Overnight going “green” became a more attractive option for businesses and manufactures.  How?  The Obama administration increased the social cost of carbon (SCC). This increase will impact every industry that deals with greenhouse gas (GHG) emissions regardless of size.  The SCC is a monetary value agencies use to perform cost/benefit analysis to quantify the benefits of regulating GHG emissions.   It is intended to put a price tag on damages, such as flooding and crop loss, that may occur as a result of anthropogenic GHG emissions. The net benefit of such a regulation is then determined by subtracting the SCC from the cost of compliance.  If the SCC is higher, then the net benefit of a regulation will appear to be greater because the cost of compliance is more easily justified.

Executive Order 12866 requires agencies “to assess both the costs and the benefits of the intended regulation and, recognizing that some costs and benefits are difficult to quantify, propose or adopt a regulation only upon a reasoned determination that the benefits of the intended regulation justify its costs.”  It was under Executive Order 12866 that an Interagency Working Group first developed the SCC in 2010 (Interagency Working Group 2010 Report).  On May 31, 2013, the SCC was raised from $21 per metric ton to $33 per metric ton (Interagency Working Group 2013 Report).  Surprisingly, the increase was brought to the public’s attention in the US Department of Energy’s regulatory impact analysis for energy efficiency standards for microwave ovens–not a very obvious first appearance for a standard that will have a substantial impact on manufacturers and industry.

One place where the increased SCC will have a significant impact in the short term is USEPA’s rules capping GHG emissions from the largest energy generating units (EGUs). (See USEPA’s Regulatory Impact Analysis for this rule). USEPA missed its April 2013 deadline to finalize the new source performance standard for new EGUs.  However, on June 25th 2013, the White House rolled out its plan for tackling climate change, placing regulation of EGUs front and center.   In his Memorandum, the President directed USEPA to finalize standards for new sources by September 20, 2013 and emission guidelines for existing sources by June 2015.

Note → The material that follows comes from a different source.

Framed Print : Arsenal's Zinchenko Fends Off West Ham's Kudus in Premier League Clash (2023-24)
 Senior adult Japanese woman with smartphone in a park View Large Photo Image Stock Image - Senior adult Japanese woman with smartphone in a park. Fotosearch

The increased SCC will be used to justify these regulations as well as any other GHG related regulations developed by USEPA.  Therefore, the increasing SCC is important for all industries to have on their radar.  As the SCC increases, so does USEPA’s ability to justify the cost of compliance because the projected harm associated with GHG emissions has increased.   When the assigned cost to society from GHG emission is high, then the regulation of GHG emissions from smaller sources is more easily justified. The new SCC numbers may indicate an upward trend that will impact much more than how much energy is used when you use your microwave oven.  Sooner or later, as smaller and smaller sources are regulated for GHG emission, the SCC will be coming to a regulation near you.